Entre le 28 et le 31 mai 2013, les militants ont opposé une résistance pacifique, organisé des sit-in et campé dans le parc, avec des participants toujours plus nombreux malgré une violence policière persistante et d’une grande brutalité. Ce conflit urbain gagnant en intensité est né dans un contexte politique d’autoritarisme de plus en plus flagrant de la part du gouvernement, manifeste à travers diverses actions parmi lesquelles une loi récente restreignant la vente d’alcool, une censure gouvernementale des médias concernant un massacre à Reyhanli près de la frontière syrienne, et la répression policière à l’encontre des manifestations du 1er mai, entre autres. Dans ce contexte sociopolitique, investi d’une signification transcendant la manifestation d’origine, Gezi, à la fois en tant que symbole et qu’espace physique, est devenu un point charnière représentant les frustrations d’une foule hétérogène de personnes dont les aspirations démocratiques se heurtent à un autoritarisme croissant en Turquie.

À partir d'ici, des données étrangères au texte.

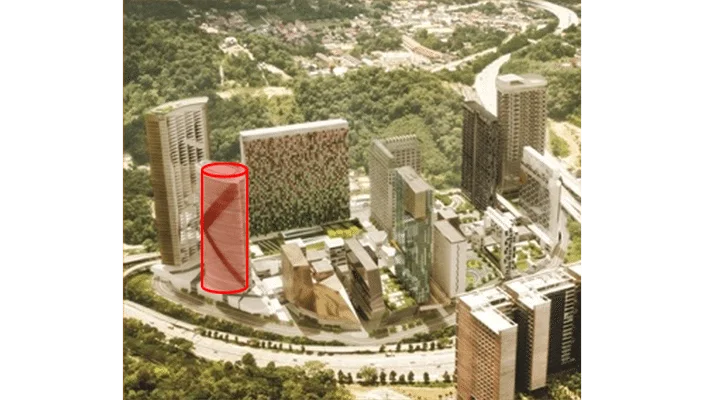 SOHO (Block M) @ Empire City Damansara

Bien qu’étant certainement légitime, ce point de vue ne rend pas entièrement justice à la spécificité urbaine du mouvement protestataire de Gezi. Il convient de se demander comment la résistance du Parc Gezi a pu acquérir cette incroyable capacité de représentation en l’absence de toute campagne organisée pour lui donner une telle portée. Y-avait-il des éléments immanents à la résistance du Parc Gezi ayant amené la féroce répression policière à l’encontre des premiers manifestants, à indigner le grand public plus facilement que lors des habituels incidents de même nature ?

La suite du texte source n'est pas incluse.